Each scheduling algorithm has its own criteria to choose the next job that will run on CPU. Since CPU scheduler needs to be fast, actual algorithms are typically not very complex.
Timelines
Scheduling is based on the information that is available at a given time. We need some way to represent the state of the system and any processes in it and how it changes over time. Gantt chart are used for this purpose. A Gantt chart is basically a glorified timeline that is used to depict the order of process execution graphically. Below is an outline of a Gantt chart:
Gantt chart
| First process name | Second process name | More processes |
1. First Come First Served Scheduling:
First Come First Served is the simplest CPU scheduling algorithm. It says that the process that enters first should get. FCFS algorithm is easy to understand. It is basically a queue like those we see in banks/ shops, etc.
A drawback of the FCFS algorithm is that the processes may have to wait for excessively long amounts of time.
A drawback of the FCFS algorithm is that the processes may have to wait for excessively long amounts of time.
Example 1
Suppose that there are three processes that arrive in the order shown below. They all arrive at time 0, but the system has decided to serve them in this order.

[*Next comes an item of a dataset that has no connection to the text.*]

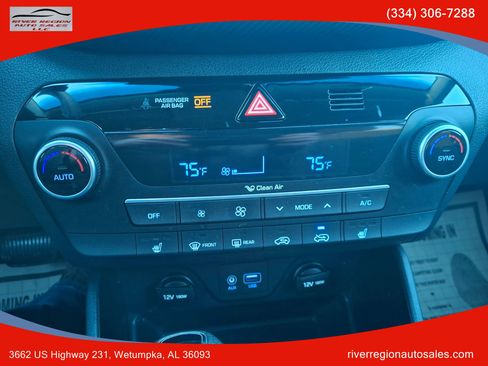 Used 2019 Hyundai Tucson SEL image 11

| Process Name | Start time | Burst time |
| Process 1 | 0 | 24 |
| Process 2 | 0 | 3 |
| Process 3 | 0 | 3 |
If the processes are served in FCFS order i.e. process 1, then process 2, and finally process 3, then the Gantt chart would look like this:
Gantt Chart for FCFS Example 1
| Process 1 | Process 2 | Process 3 |
| 0 | 24 | 27 | 30 |
Process 1 is dispatched first and runs for 24 time units (there is no preemption). Once process 1 has finished, process 2 is dispatched and runs for 3 time units. 24 time units have already elapsed, so process 2 starts at time 24. Once process 2 has finished at time 27, process 3 is dispatched. When process 3 has finished there have been 30 time units used (24 + 3 + 3).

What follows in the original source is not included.